Boulden left the parish in 1981 and, according to court filings by the Spokane Diocese, spent the next two years moving among rural parishes: Immaculate Conception in Oroville and Holy Rosary in Tonasket, both in Okanogan County; and Immaculate Conception in Republic, Ferry County. Through Bremner, Boulden said he was filling in for priests at those parishes during that time.

He moved to Seattle in 1983 and continued occasional ministry at Immaculate Conception and St. John in Seattle in 1992, according to the Seattle Archdiocese. He was listed as on leave in the Catholic Directory listing priests’ assignments.

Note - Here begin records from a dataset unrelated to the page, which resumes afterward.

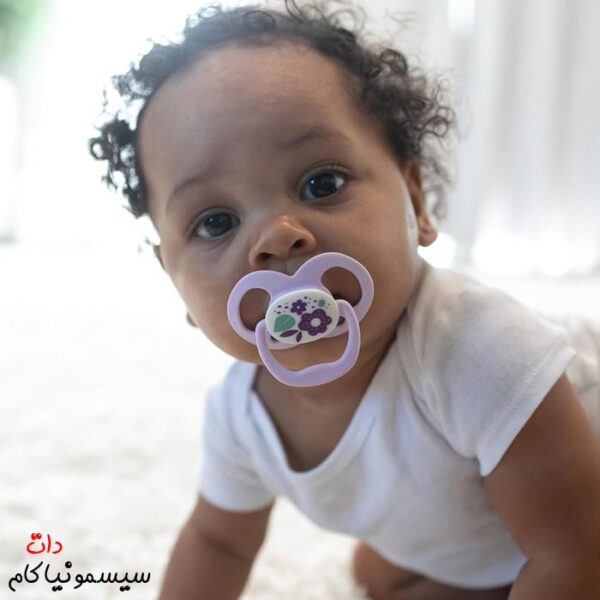 پستانک-دکتر-براون-6-تا-18-ماه-شب‌تاب-گل-بنفش-PA22003-INTL-07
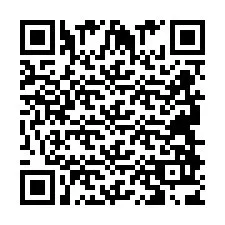 Codice QR per il numero di telefono +2694893873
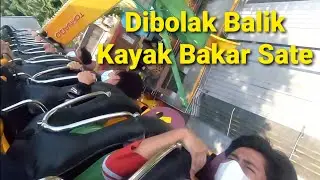 Tornado Dufan.. Naik Wahana Ini Rileks Ajah Yah Biar Perut Dan Kepala Tidak Kram Dunia Fantasi 2021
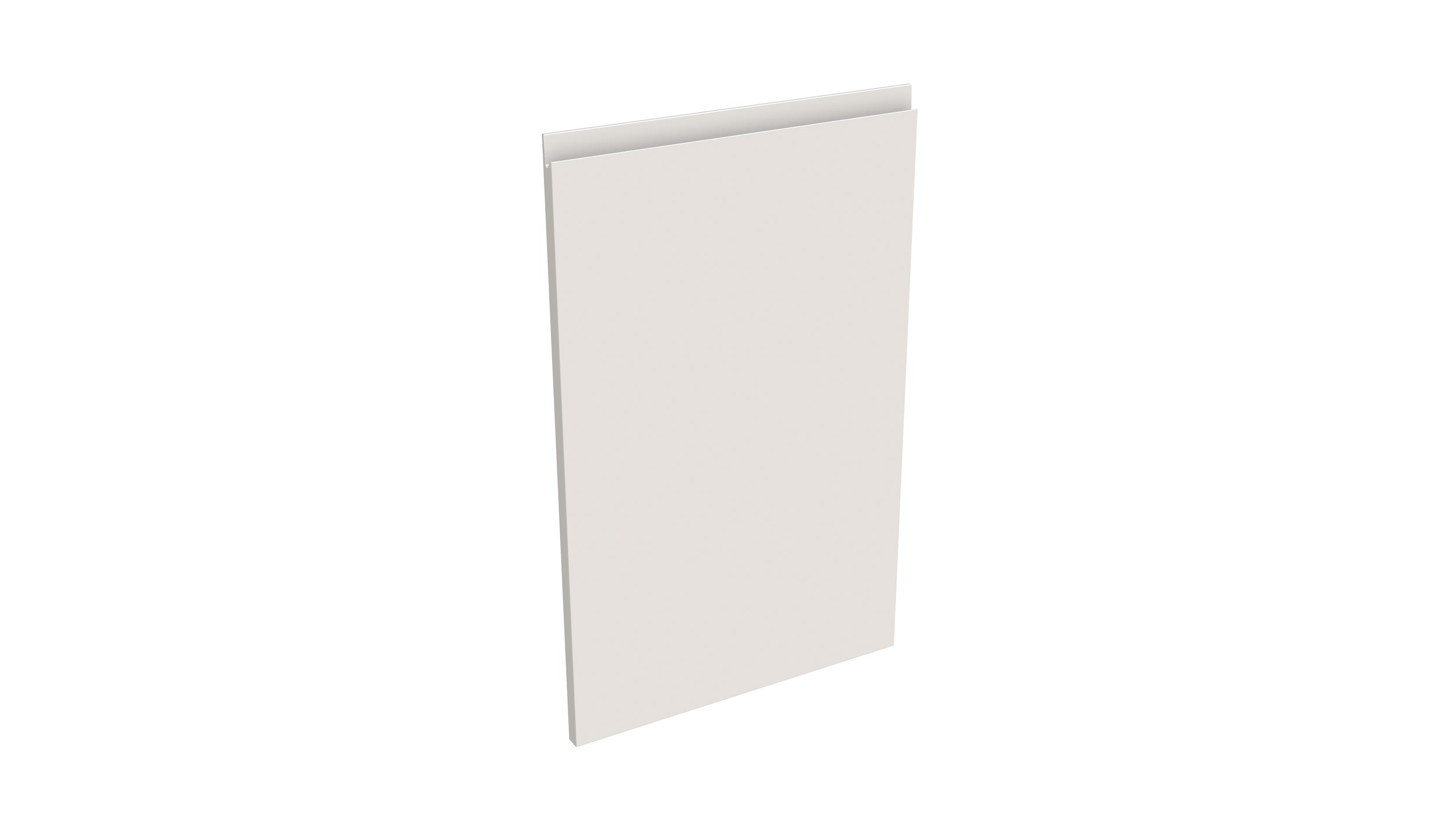 Deur keukenkast Modulo Emy muisgrijs 45x72cm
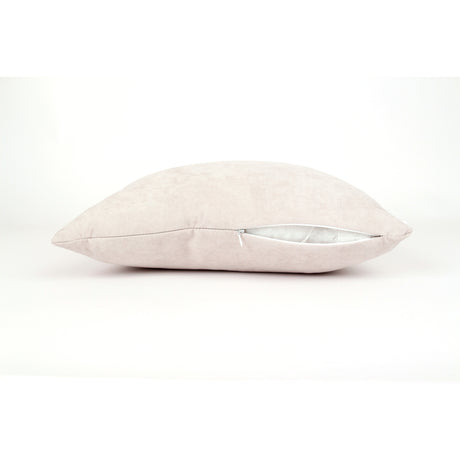 Dekokissen Uni Hellgrau mit Füllung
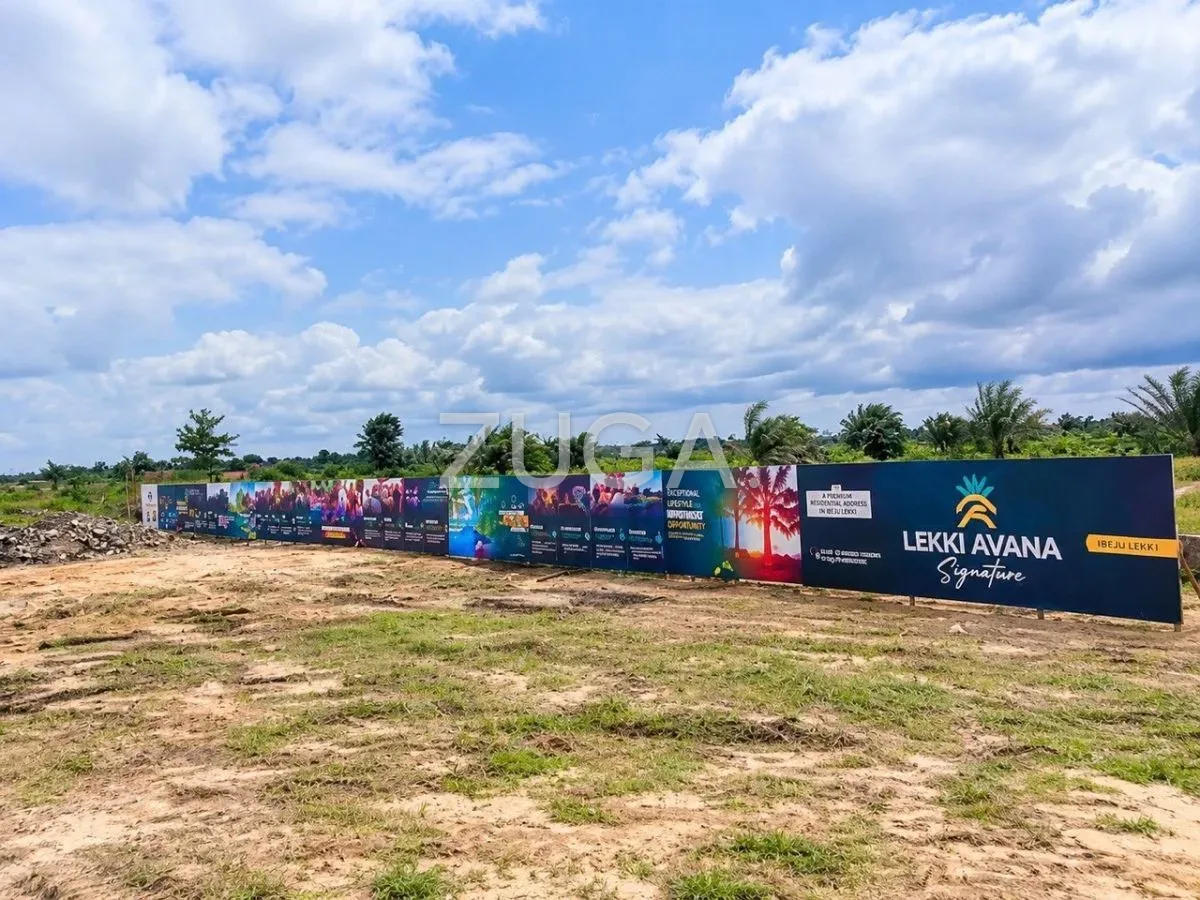 Lekki Avana Signature Estate Residential Plots, Ibeju-Lekki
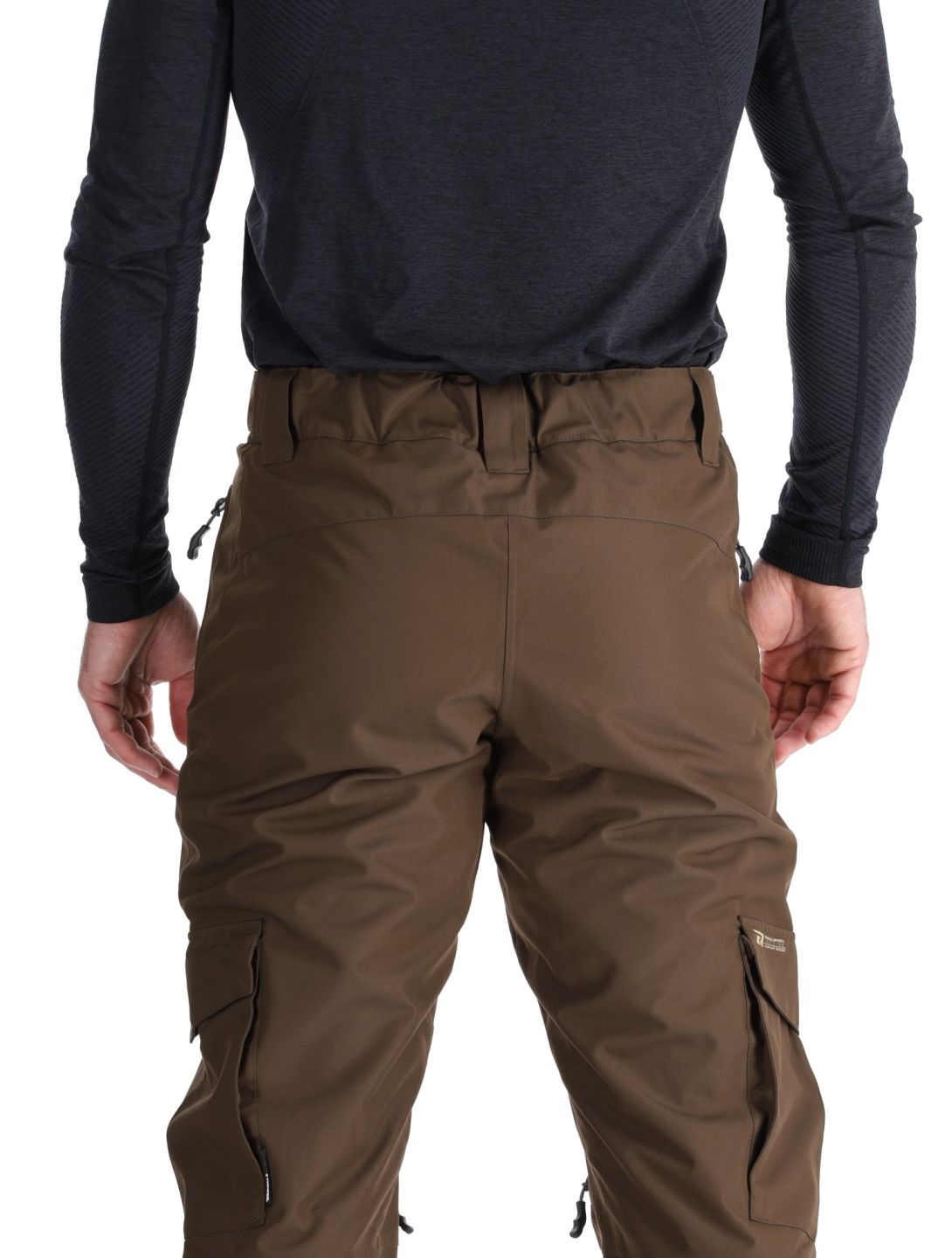 Rehall, Benn-R pantaloni da sci uomo Choco marrone 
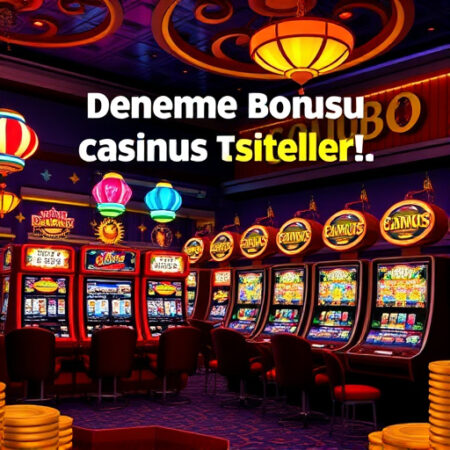 Deneme Bonusu Veren Casino Siteleri: 2025’te En Avantajlı Fırsatlar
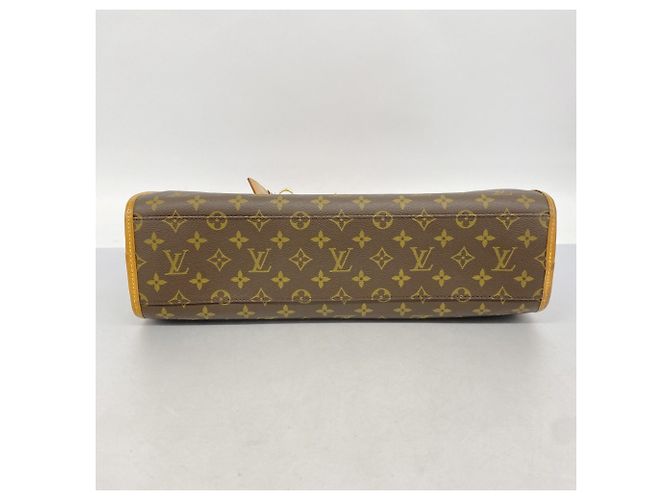 Bolsa de mão Monogram Rivoli Louis Vuitton Marrom - vista 3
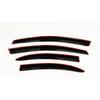4 pcs of the latest model car window sunshade for Civic 2006-2011, window visor rain guards window visors window rain guards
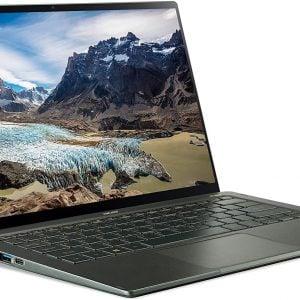 Acer Swift 5 SF514-55T 14 inch Laptop | |ntel Core i5-1135G7, 8GB, 512GB SSD Windows 10 | just 14.95mm thick, the sleek & stylish blue body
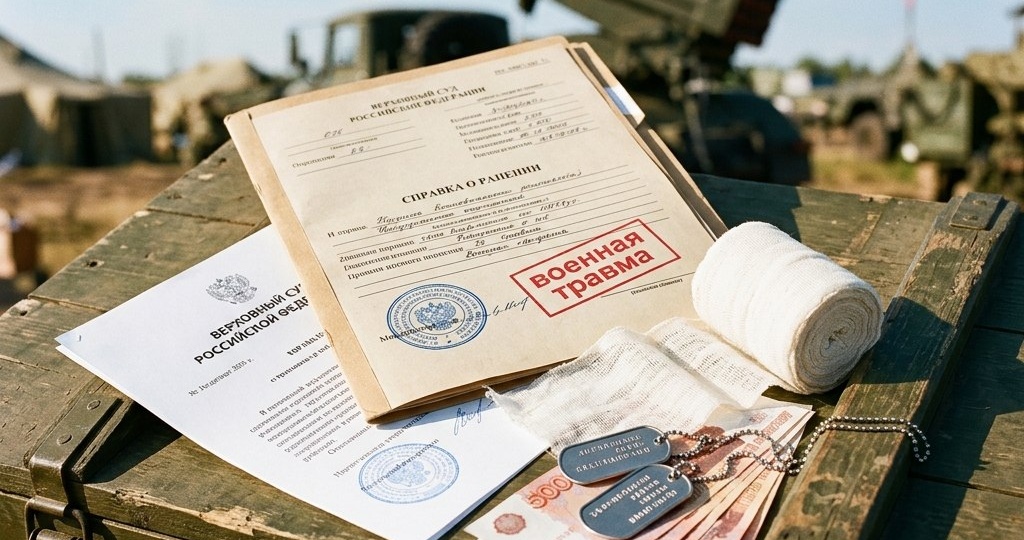 ⚖️ ВС РФ: отсутствие огневого соприкосновения с противником не лишает участника СВО права на единовременную выплату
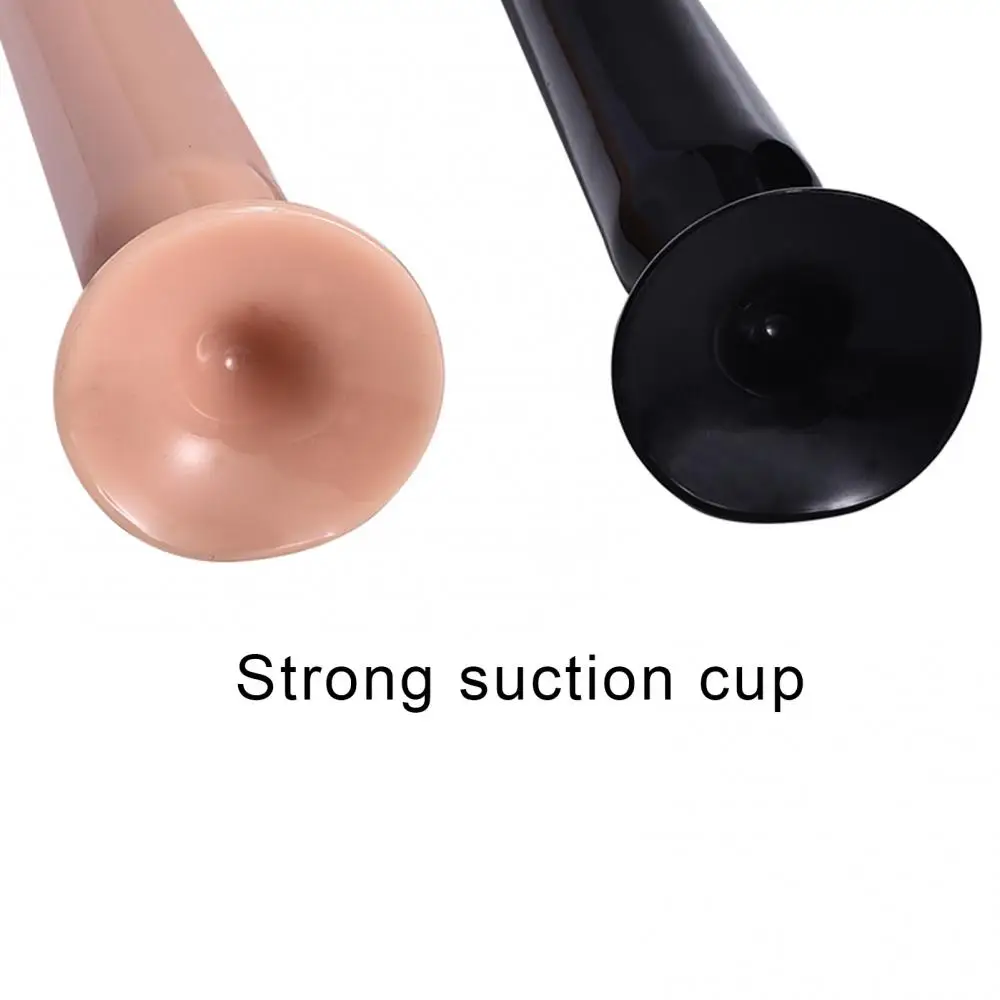 Soft Expander Anal Plug Sex Toy Super Long Tail G-spot Stimulator Butt Adult Sex Toy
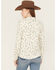Image #5 - Idyllwind Women's Snowden Floral Print Long Sleeve Featherlight Western Shirt, Cream, hi-res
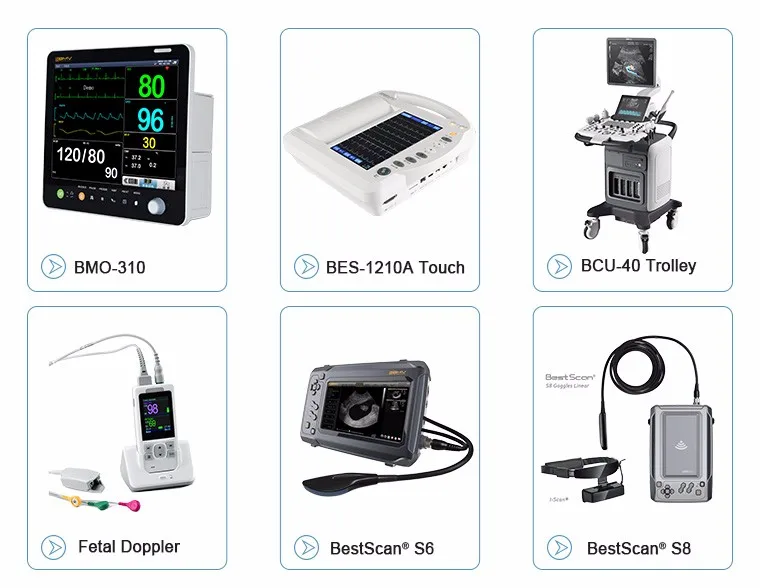 handheld ultrasound device for farm use BestScan S6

Boulden spent some time working in the Mayor’s Office for Senior Services, according to a 1987 Seattle Times article. He was hired by Seattle police in 1989.

Seattle police human resources director Mike Fields said he did not have information about the background-check process done on Boulden then, but the department now asks applicants about criminal history and whether they committed crimes for which they were not caught.

Allegation comes to light

Boulden served as the victim-advocate supervisor from 1997 to November 2002, when he returned to his position as victim advocate, according to the department. The department said the move was voluntary, and Boulden said through Bremner that it was because of budget cuts.

The Spokane Diocese said it received information about the allegation against Boulden in 2002, which it shared with Spokane police and the city of Seattle, according to a spokesman. Diocese officials also said they also heard about the alleged abuse from Pfau around the same time, according to The Spokesman-Review newspaper.

Then-Bishop William Skylstad removed Boulden from ministry soon after, according to a diocese spokesman.

The Spokane Police Department received a report in February 2003 of possible child sexual abuse involving Boulden in the 1970s and ’80s. According to the police report, a woman said she was speaking to two other women about sexual abuse and that one described an act of molestation she said Boulden committed. The woman told a deacon, who told the Spokane Diocese’s vicar general, who reported it to police.

When a detective reached the woman who said Boulden abused her, she said she had shared the information in confidence and didn’t mean for it to get out, according to the police report obtained by The Seattle Times. The detective suspended the investigation and spoke to a Seattle police captain, agreeing to send along any further reports about Boulden.

No other reports of sexual misconduct by Boulden were filed with law enforcement in King, Spokane or Snohomish counties, according to public-records requests filed by The Times. Records from the state Department of Health show no disciplinary action against Boulden, who has a mental-health counselor license.

The woman sued the Spokane Diocese the following year, identifying Boulden as a Seattle police employee.

The diocese said in court filings that it lacked sufficient information to confirm or deny the accusation against Boulden and denied knowing of the alleged abuse. The case was settled for an undisclosed amount as part of the diocese’s $48 million bankruptcy reorganization plan, which it agreed to in 2007.

The plan called for the diocese to list names of known abusers on its website and for Bishop Skylstad to visit the parishes they served to identify them. Skylstad declared Boulden credibly accused in 2007. His name was on the Spokane list first released in 2009 and the Seattle list first released in 2016.

Best’s referral of Boulden to the OPA came a week after prominent Seattle Catholics — including former U.S. attorney John McKay, former Seattle assistant police chief Clark Kimerer and Seattle City Attorney Pete Holmes — called for a review of the Seattle Archdiocese’s secret clergy-abuse files.